Isn't the whole problem that they assumed a softer (ice) surface?
Look, unless you're a friggin' rocket scientist, or believe they had additional information they didn't use ... summarizing anything as "the whole problem" is kind of childish.
Based on your vast experience of landing on comets after a 10 year journey, do you think you have a better sense of what the assumptions about the hardness of the ice should have been? Maybe you should have shared that with them.
Lots of smart people worked on this, took all they knew and could surmise, and made choices with the best available information, and using the technology and money available to them.

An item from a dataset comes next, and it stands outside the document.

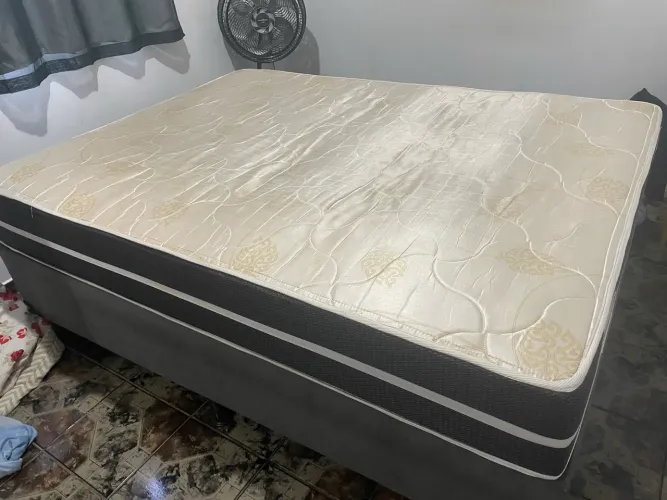 ? Cama Box Casal Completa Plumatex Milano - Excelente Estado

I'm sure as heck not going to say "well, if only they'd done this it would have worked". I know I'm not qualified to do that, and I'm quite certain most of us on Slashdot aren't either. In fact, I'm betting the people who are qualified are all thinking this was a monumentally difficult task. NASA isn't sitting around going "Ha ha!"
To me, even what they did is some pretty mind-boggling engineering. But in interviews I heard over the last few weeks, they still knew there were risks and uncertainties.
It sucks, but unless you're more qualified than the entire team who did this, you have to realize this is still an incredible feat.
I won't even claim this to be an accurate analogy: But this is kind of like hitting a target in China from New York, using a home made gun, in the dark, and while both you and the target are moving.
Me, I'll applaud the ESA and everyone involved. Success for this kind of engineering includes all of the stuff that got you there. Getting far enough to have a failed landing is still a huge undertaking.
Well, I think the whole problem was that they did not have a wizard on staff to solve every problem with magic.
Also, far as I know, their graviton phasor array had decohered somewhere along the journey.